Closed. This question needs debugging details. It is not currently accepting answers.
Edit the question to include desired behavior, a specific problem or error, and the shortest code necessary to reproduce the problem. This will help others answer the question.
Closed 6 years ago.
Improve this question
Let's start with an example. In Harry Potter, Hogwarts has 4 houses with students sorted into each house. The same happens on my website and I don't know how many users are in each house. It could be 20 in one house 50 in another and 100 in the third and fourth.
Now, each student can earn points on the website and at the end of the year, the house with the most points will win.
But it's not fair to "only" do a sum of the points, as the house with a 100 students will have a much higher chance to win, as they have more users to earn points. So I need to come up with an algorithm which is fair.
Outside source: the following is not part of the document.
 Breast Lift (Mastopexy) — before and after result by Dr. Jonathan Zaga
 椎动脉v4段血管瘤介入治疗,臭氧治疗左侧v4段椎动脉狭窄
You can see an example here: https://worldofpotter.dk/points
What I do now is to sum all the points for a house, and then divide it by the number of users who have earned more than 10 points. This is still not fair, though.
Any ideas on how to make this calculation more fair?
Things we need to take into account:
* The percent of users earning points in each house
* Few users earning LOTS of points
* Many users earning FEW points (It's not bad earning few points. It still counts towards the total points of the house)
Link to MySQL dump(with users, houses and points): https://worldofpotter.dk/wop_points_example.sql
Link to CSV of points only: https://worldofpotter.dk/points.csv
I'd use something like Discounted Cumulative Gain which is used for measuring the effectiveness of search engines.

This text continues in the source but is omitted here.